For a while, she didn’t notice that she had stopped listening to podcasts. An avid true crime listener, Goodwin gravitated towards The Drag as a place to learn how to tell difficult stories with justice and respect.

“It’s a safe place to learn as a young reporter because you know that people are going to have your back and they’re going to be checking for you,” Goodwin said. “It’s just good to have that support.”

Over the past year, Goodwin became more fascinated with feature writing and long-form journalism. She said working on podcasts at The Drag helped her understand all the moving parts that go into creating a full story with depth and honesty.

“I really like telling kind of unexpected stories, finding the devil in the details on different things that are happening in the world around us and highlight the people that are left out of traditional news stories,” Goodwin said. “I really just enjoy highlighting humanity in the middle of whatever I’m doing.”

During the summer as a podcasting intern, Goodwin worked extensively on the Planet Texas podcast, a podcast set to release in spring 2022 about the intimate ways climate change impacts Texans. She also worked on The Drag’s next true crime podcast about the Austin serial bombings and said the most challenging part of the internship was navigating how to approach the two different podcasts.

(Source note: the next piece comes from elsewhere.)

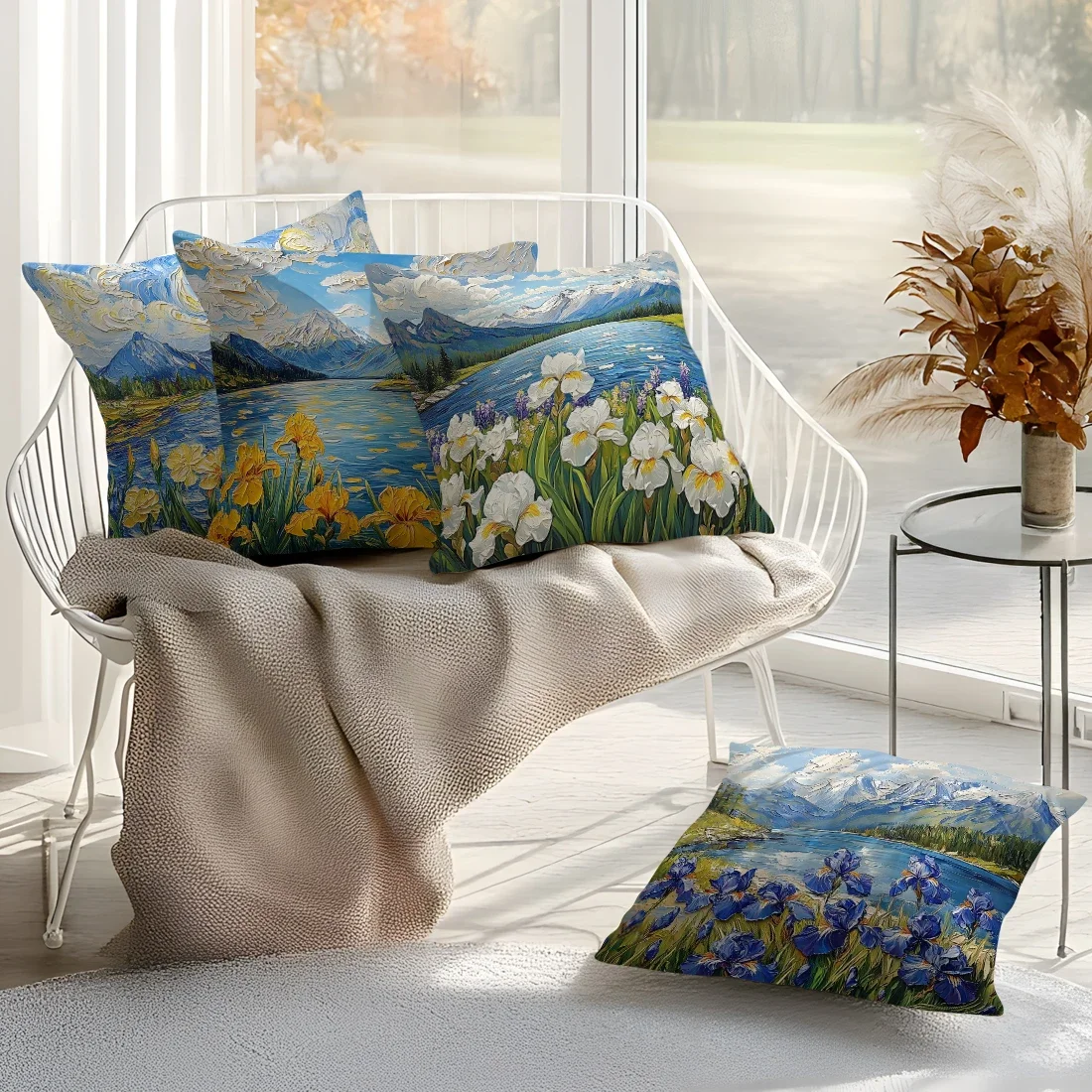 Lake Iris Flower Pillowcase Cushion 100% Polyester 45x45cm Throw Pillow Cover Sofa Chair Bed Cushion Cover Pillowslip Home Decor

“That’s brand new for me, interviewing people who are actual victims in situations,” Goodwin said. “It’s scary and emotional so understanding how to let people share their experiences with you and give them room to open up … it’s been really different.”

Goodwin said she struggles as a journalist on knowing when she is overstepping peoples’ boundaries.

“It can feel like you’re asking somebody to tear off a wound that started to heal,” Goodwin said. “There are stories that need to be told but just watching them go through that process is difficult.”

But Goodwin said she hopes that amplifying these stories will provide hope for others that may be going through similar situations. Being part of all the groundwork, from fact-checking to researching, has been one of the most gratifying parts of the internship for her. Goodwin said it showed her that when pursuing her own projects, she doesn’t need to have everything figured out by herself.

“It’s a massive team effort,” Goodwin said. “There’s so many people involved in every different project and it makes things better.”